### Try it:
Given the material below, output exactly the lines from the line with "Performance Hoodies by" to the line with "Step 1. With", both ends included, and no other lines.

***** Task material

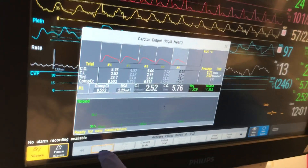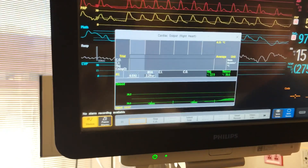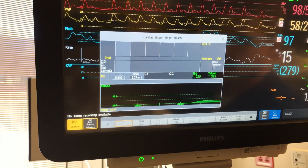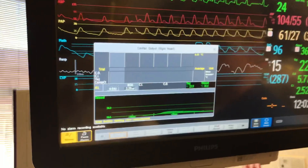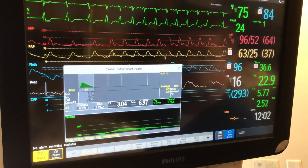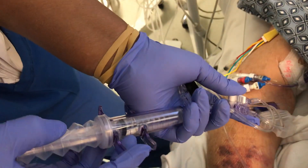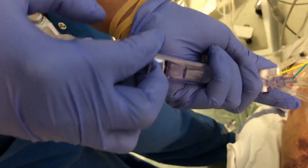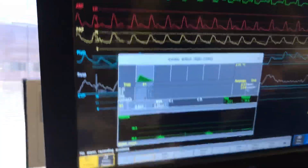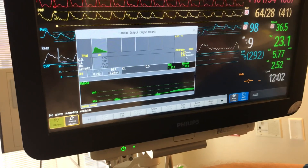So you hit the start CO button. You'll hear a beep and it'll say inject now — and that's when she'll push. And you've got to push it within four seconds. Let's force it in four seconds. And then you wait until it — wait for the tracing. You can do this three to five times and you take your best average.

**********
***** Task material

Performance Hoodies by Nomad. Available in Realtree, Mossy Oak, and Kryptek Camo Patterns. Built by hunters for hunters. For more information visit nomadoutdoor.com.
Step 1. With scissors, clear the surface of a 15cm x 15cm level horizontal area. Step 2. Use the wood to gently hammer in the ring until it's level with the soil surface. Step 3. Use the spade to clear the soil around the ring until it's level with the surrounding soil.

**********

### Answer box:
Performance Hoodies by Nomad. Available in Realtree, Mossy Oak, and Kryptek Camo Patterns. Built by hunters for hunters. For more information visit nomadoutdoor.com.
Step 1. With scissors, clear the surface of a 15cm x 15cm level horizontal area. Step 2. Use the wood to gently hammer in the ring until it's level with the soil surface. Step 3. Use the spade to clear the soil around the ring until it's level with the surrounding soil.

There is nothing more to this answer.